Published Sep 26, 2015Oakland born'n'bred comic Moshe Kasher showcased the evolution of his comedy to a slightly tentative but ultimately won-over crowd on College Street in Toronto on Friday night. He may have startled some front-row dwellers who weren't expecting the level of crowd work engagement he hit them with, but his good-natured deconstruction of what was happening to them helped put everyone at ease.
His act has evolved from relying on his fascinating backstory (Jewish, born to a deaf mom, raised in predominantly black Oakland) also chronicled in his book Kasher in the Rye. These days, he delights in using his slight frame and expressive mannerisms to challenge and deconstruct notions of masculinity and gender. That he assumes audiences are on board with his progressive ideology is notable — he never doubts that he's on the right side of issues, and doesn't pander or apologize, just moves forward.

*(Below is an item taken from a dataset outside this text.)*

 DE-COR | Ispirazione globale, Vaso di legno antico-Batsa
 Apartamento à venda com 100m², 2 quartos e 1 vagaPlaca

During one joke about feeling double transgender, he mimed the audience jumping on and off board with this joke as it progressed, like they were playing double-dutch with whether or not someone was being victimized by what was essentially simple wordplay.
Kasher also delights in doing crowd work, and throughout his act would deconstruct it at the same time, explaining why he likes to engage in people at shows, how his sense of self (particularly his appearance) has evolved with his comedy, telling stories about losing his comic mojo in Ireland only to regain it in Indianapolis. A remarkable set by one of the smartest comics working today.